One might expect a place of humility after all of that however. One might actually expect the slapped hands of the superintendent to bring about a sense of contrition. Certainly the school chief responded, but was it in a manner that is truly accepting of responsibility?
Immediately following the notice of sanction by the bureau of elections, Superintendent Stephen Cousins did not reach out to this writer and complainant to offer any heartfelt apology. He did not email a response, or call directly, yet he ‘apologizes’ for my misunderstanding, and that confusion that taxpayers must have had with the illicit mailer. In an email blast to parents of TCAPS students, Cousins says:
“Dear TCAPS Parents,
In October, a complaint was filed against TCAPS alleging the district violated the Michigan Campaign Finance Act during our 2012 bond informational campaign. TCAPS has been cooperating with the Secretary of State during the course of their investigation.
As soon as we were made aware of the possibility that improper wording may have been used in our mailer, we immediately took steps to halt those communications and adjusted the language to avoid further confusion.
TCAPS has received the disposition from the Secretary of State today regarding the complaint. The Secretary of State disposition states the district mailer contained express advocacy and it further believes that the evidence supports its conclusion that there may be a reason to believe that a violation of section 57 of the Act occurred.

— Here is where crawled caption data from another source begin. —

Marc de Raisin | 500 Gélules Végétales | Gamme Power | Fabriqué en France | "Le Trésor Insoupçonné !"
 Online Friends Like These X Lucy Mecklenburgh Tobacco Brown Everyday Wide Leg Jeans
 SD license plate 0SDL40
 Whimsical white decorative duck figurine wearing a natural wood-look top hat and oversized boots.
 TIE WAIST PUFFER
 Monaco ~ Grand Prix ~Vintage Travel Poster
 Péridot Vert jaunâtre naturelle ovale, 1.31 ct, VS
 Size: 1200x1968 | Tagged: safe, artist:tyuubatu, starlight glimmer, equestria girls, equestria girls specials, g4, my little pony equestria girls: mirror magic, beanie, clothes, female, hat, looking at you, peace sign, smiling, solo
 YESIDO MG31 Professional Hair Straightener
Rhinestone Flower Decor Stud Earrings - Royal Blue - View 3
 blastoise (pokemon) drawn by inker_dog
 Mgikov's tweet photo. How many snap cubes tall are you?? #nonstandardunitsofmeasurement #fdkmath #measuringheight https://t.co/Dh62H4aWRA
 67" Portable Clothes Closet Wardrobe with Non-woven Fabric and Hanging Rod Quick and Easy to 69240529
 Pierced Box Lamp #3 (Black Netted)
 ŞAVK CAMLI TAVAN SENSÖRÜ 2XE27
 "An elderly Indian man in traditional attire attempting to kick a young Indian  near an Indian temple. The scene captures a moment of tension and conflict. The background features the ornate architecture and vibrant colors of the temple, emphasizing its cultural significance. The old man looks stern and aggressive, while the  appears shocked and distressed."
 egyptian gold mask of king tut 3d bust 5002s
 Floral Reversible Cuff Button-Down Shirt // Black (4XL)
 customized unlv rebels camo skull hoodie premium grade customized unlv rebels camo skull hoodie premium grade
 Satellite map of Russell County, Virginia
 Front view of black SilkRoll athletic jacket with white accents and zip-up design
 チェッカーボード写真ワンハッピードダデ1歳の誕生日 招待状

As superintendent, I want to assure you that the district did not intend to violate the Act or mislead the public. I take full responsibility for the issue. On behalf of the district and the Board of Education, I apologize to Mr. Gillman, our parents, staff and community for any confusion the mailer may have caused. We value the trust our community places in TCAPS and we will work with the SOS to resolve this in a manner that will prevent it from occurring again.
Would it be overly critical to assume that the buck did not stop there? Full responsibility would be to step up and personally accept the punitive sanctions that have yet to be determined by the state agency handling this. Somehow, I doubt that either Stephen Cousins, nor a capitulating board is willing to willfully accept this as ‘their fault’. In fact, the response is at best, lip service and subtly belligerent.
Our confusion is not caused by a mailer. The mailer was clearly advocating a YES vote. Vindication of that made in an official manner, yet willfully declined in a sort of wordplay that shows how much smarter than the common folks who pay his salary he is. His letter demonstrating his understanding that the problem lays not with the wording or presentation of misappropriated taxpayer funds, but that we just get confused easily.
And as the ‘informal process’ to determine a punitive end to this particular episode wraps up, it will again be the taxpayer who truly bears the cost.